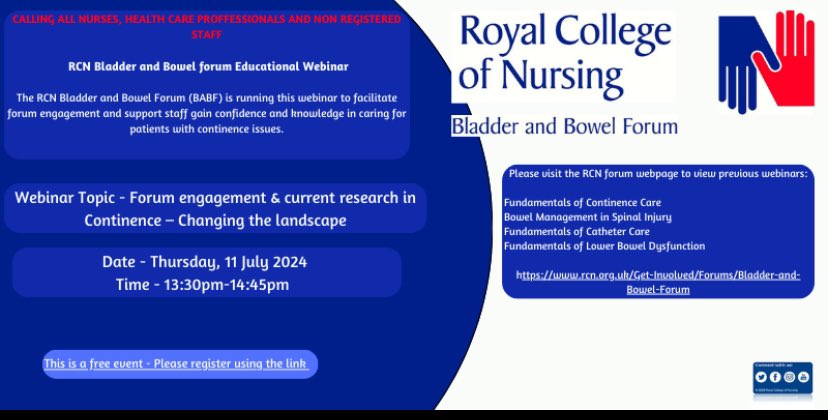 RCN Bladder and Bowel Forum (@rcncontinence) on Twitter photo Free webinar our next <a href="/RCNContinence/">RCN Bladder and Bowel Forum</a> Forum webinar - Current research in Continence will take place on the 11th June from 13.30 rcn.org.uk/news-and-event… <a href="/NikkiC07/">Prof Nikki Cotterill</a> #RCN #Continence #Care Free webinar our next <a href="/RCNContinence/">RCN Bladder and Bowel Forum</a> Forum webinar - Current research in Continence will take place on the 11th June from 13.30 rcn.org.uk/news-and-event… <a href="/NikkiC07/">Prof Nikki Cotterill</a> #RCN #Continence #Care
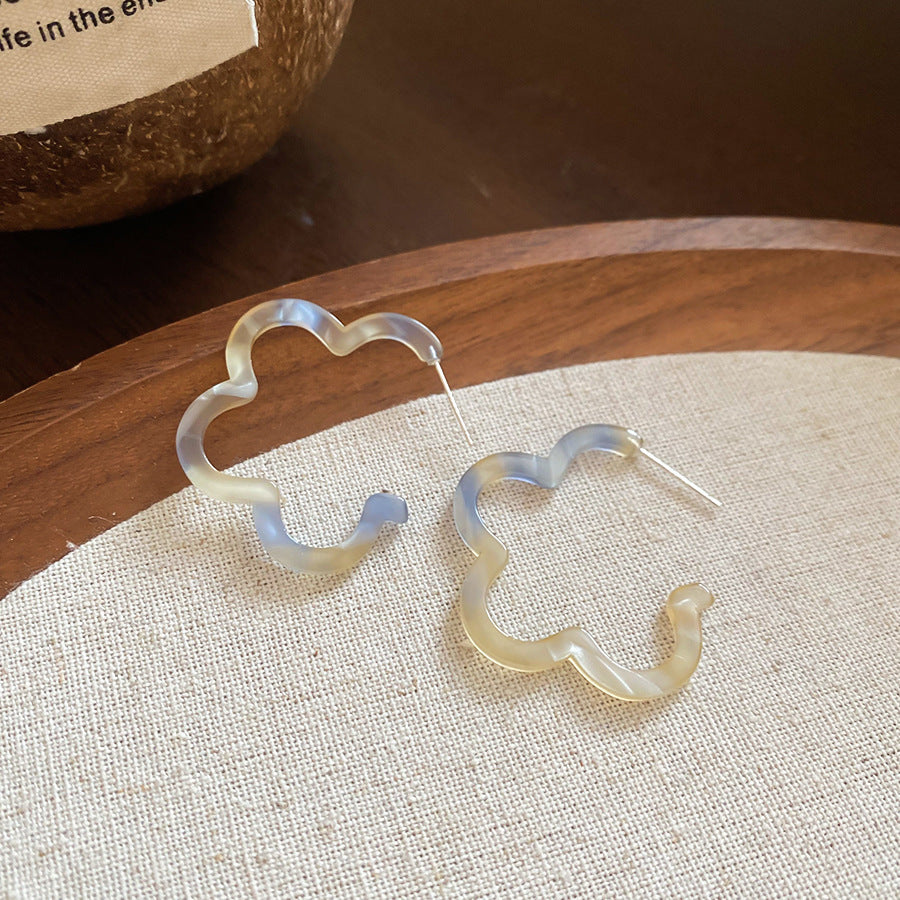 銀針樹脂暈染花朵耳環輕奢高級感耳釘復古時尚百搭耳飾設計感小衆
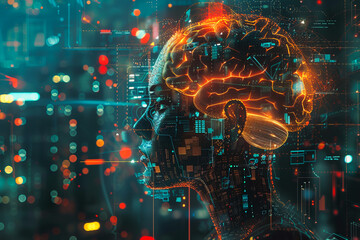 Leinwandbilder - An illustration of a person's brain with AI related concepts integrated into the neural network.
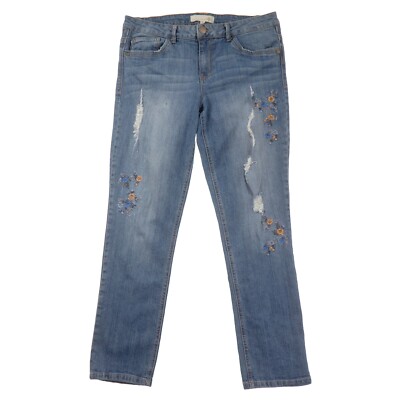 Artisan & Crafted Distressed Embroidered Straight Blue Jeans Womens 12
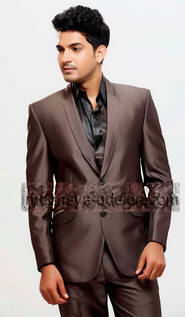 Коричневый деловой мужской костюм-двойка + рубашка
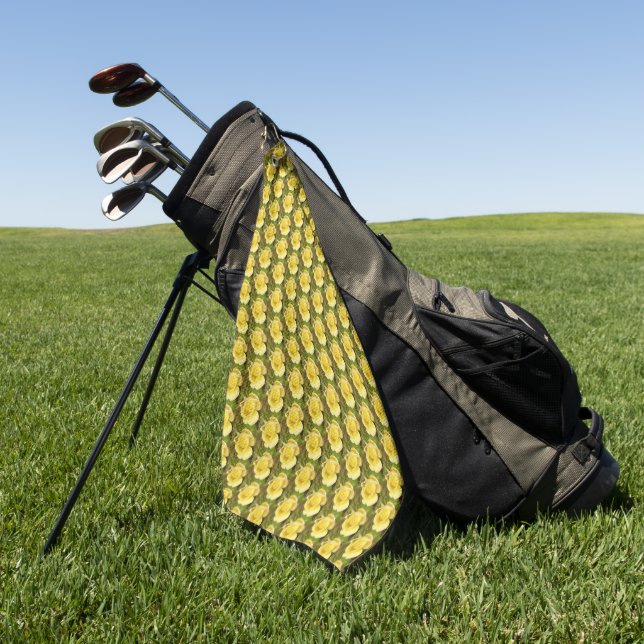 Yellow Rosebud Golf Towel (Green)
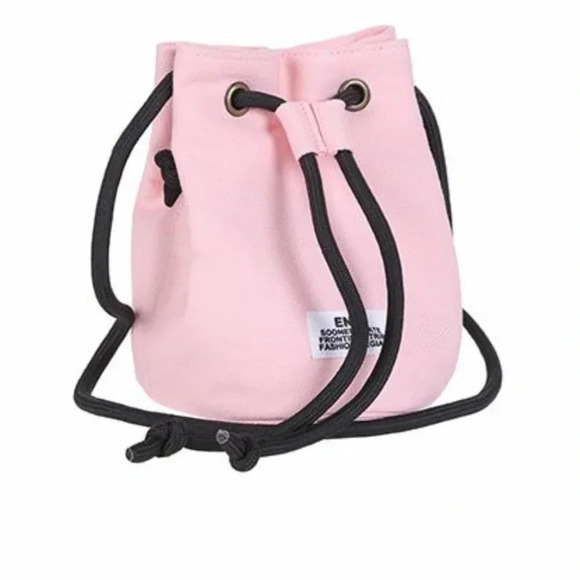 MINISO PINK AND BLACK  CANVAS CROSSBODY DRAWSTRING BUCKET BAG SMALL - Picture 1 of 10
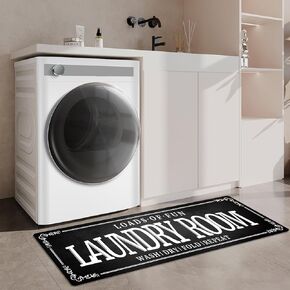 Laundry Room Rug 20"x 47" Non-Slip Rubberback Laundry Rug Machine Washable Laundry Mat Farmhouse Laundry Room Rug Runner Laundry Rugs for Laundry Room, White
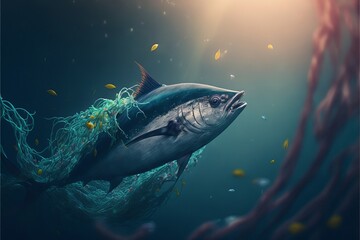 Tuna tangled in waste. Generative AI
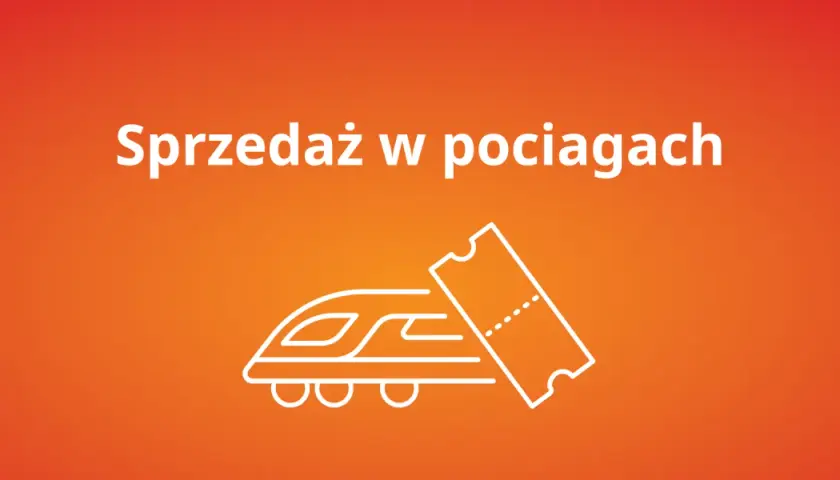 Sprzedaż w pociągach: czy można kupić bilet w pociągu? Ikona pociągu i biletu.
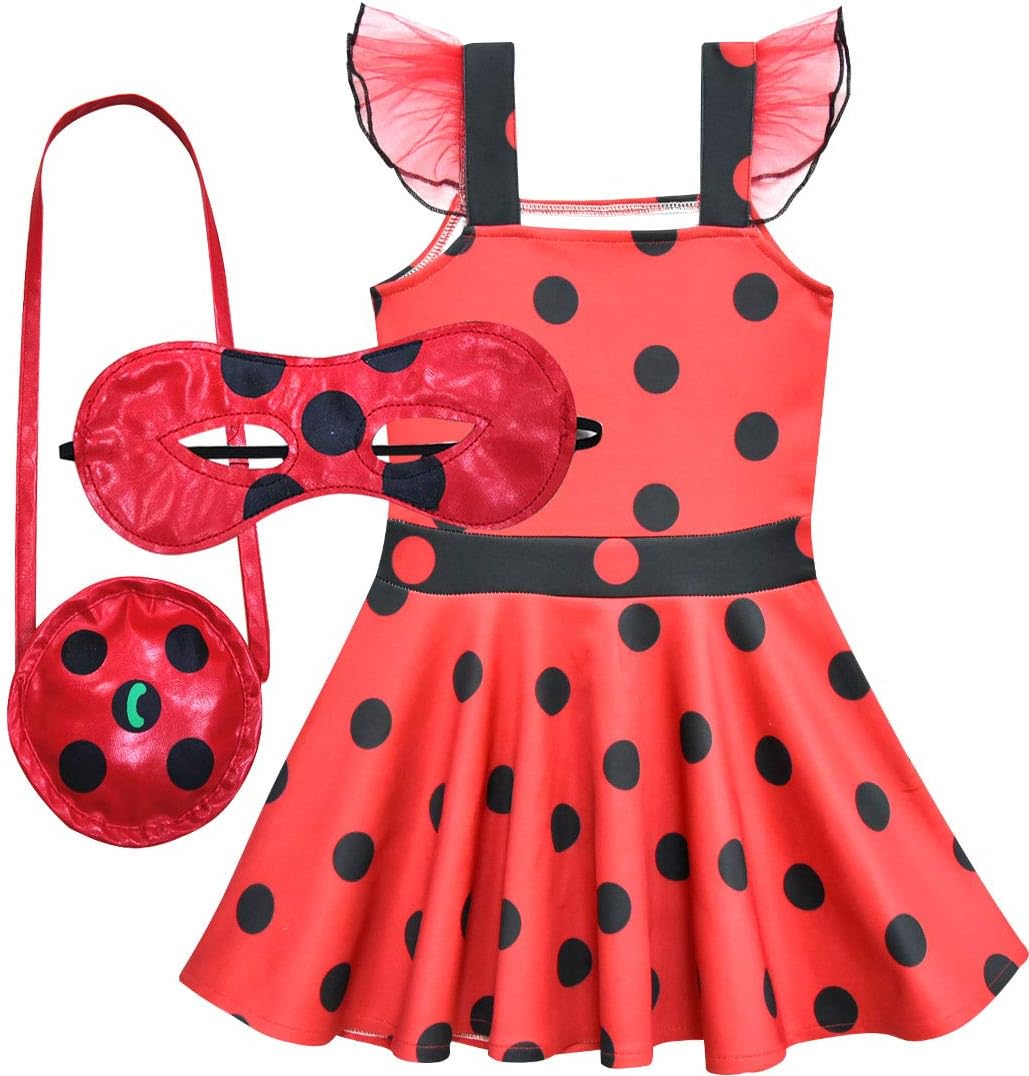 Baihui Girls Party Dress Miraculous Ladybug Cosplay Costumes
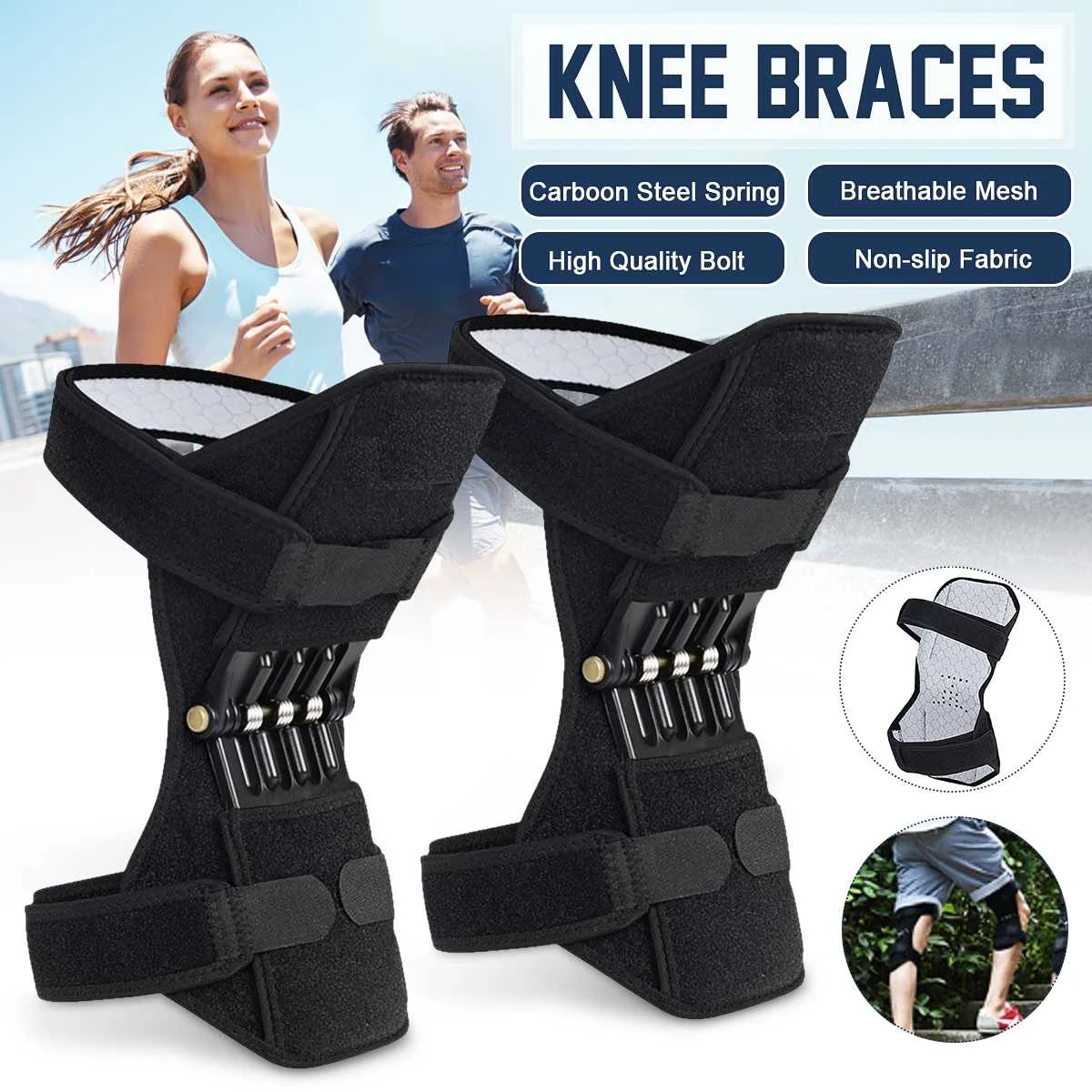 1 Pair Powerful Rebound Spring Force Lift Knee Pad Knee Support Patellar Joints Booster Pain Relief Sports Training Protector
1 Pair Powerful Rebound Spring Force Lift Knee Pad Knee Support Patellar Joints Booster Pain Relief Sports Training Protector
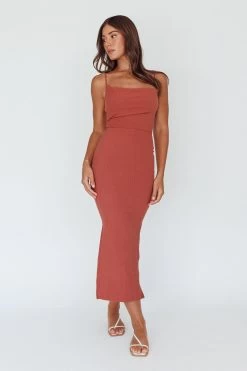 Frieda Cowl Neck Side Split Ribbed Midi Dress Rust 13 Frieda Cowl Neck Side Split Ribbed Midi Dress Rust -Fashion women's clothing 27577D 20RUST 7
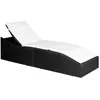 Image de vidaXL Chaise longue avec coussin Résine tressée Noir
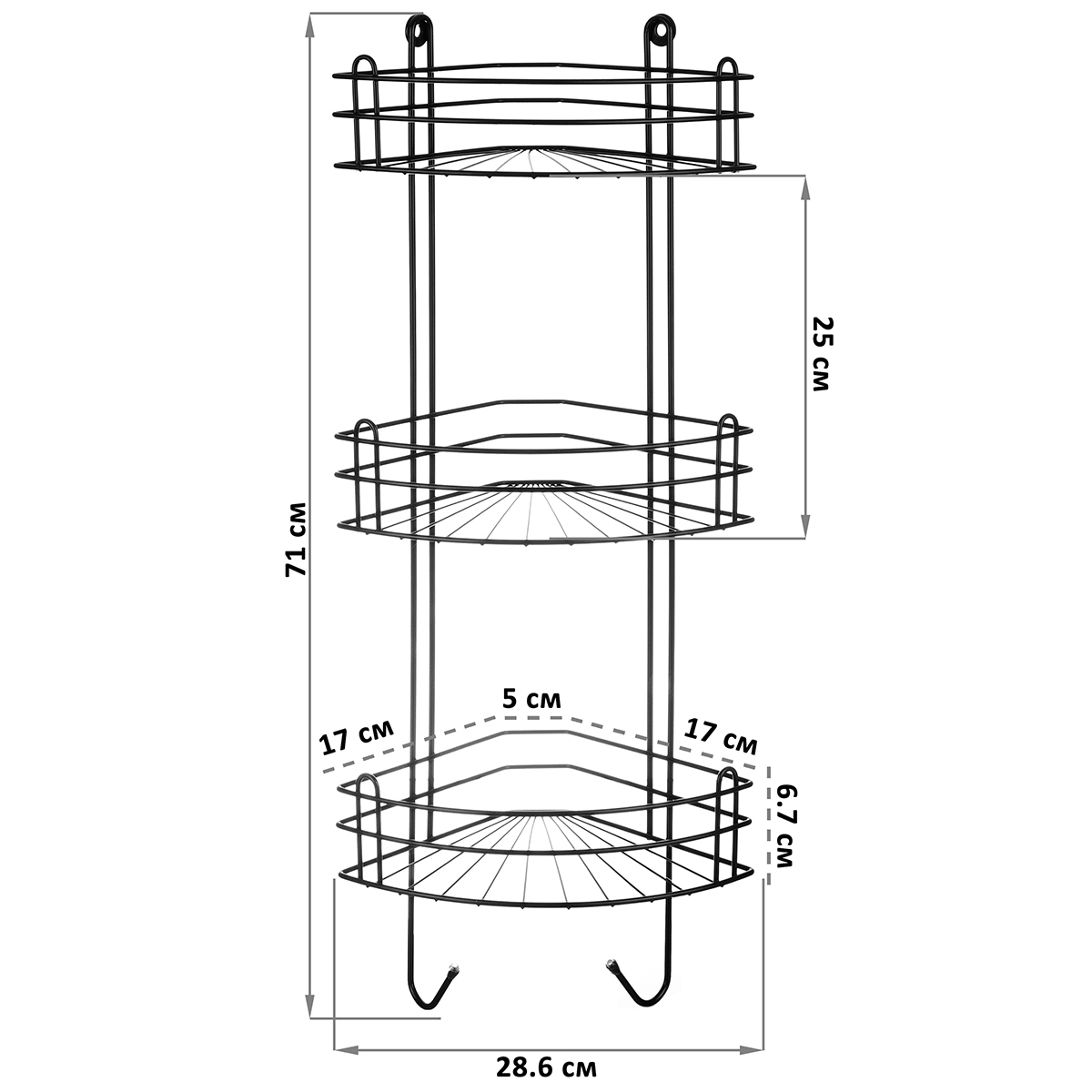 Полка для ванной угловая El Casa 3-х ярусная с крючками 28.6х18х71 см Черная радиальная глубокая - фото 2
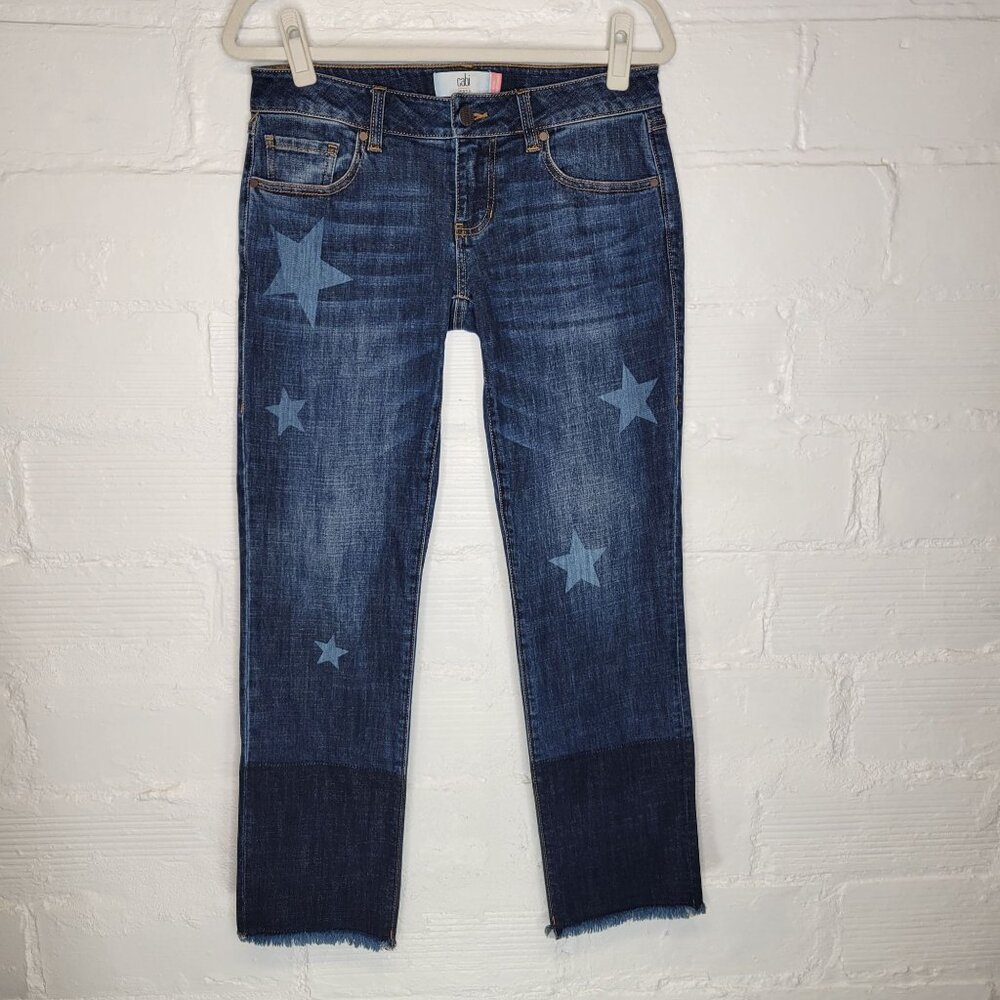 Cabi Jeans Women's Sie 2 Jeans Slim Boyfriend Stars Raw Hem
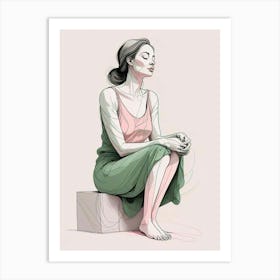 Calm Woman Portrait Art Print (4) Art Print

========================

What you are asked to do: What are the lines above from the one with "Коричневый деловой мужской" to the one with "Tuna tangled in waste. Generative AI", both included? Reproduce them exactly, without pictures.

Result:
 Коричневый деловой мужской костюм-двойка + рубашка
 Yellow Rosebud Golf Towel (Green)
 MINISO PINK AND BLACK  CANVAS CROSSBODY DRAWSTRING BUCKET BAG SMALL - Picture 1 of 10
 Laundry Room Rug 20"x 47" Non-Slip Rubberback Laundry Rug Machine Washable Laundry Mat Farmhouse Laundry Room Rug Runner Laundry Rugs for Laundry Room, White
 Tuna tangled in waste. Generative AI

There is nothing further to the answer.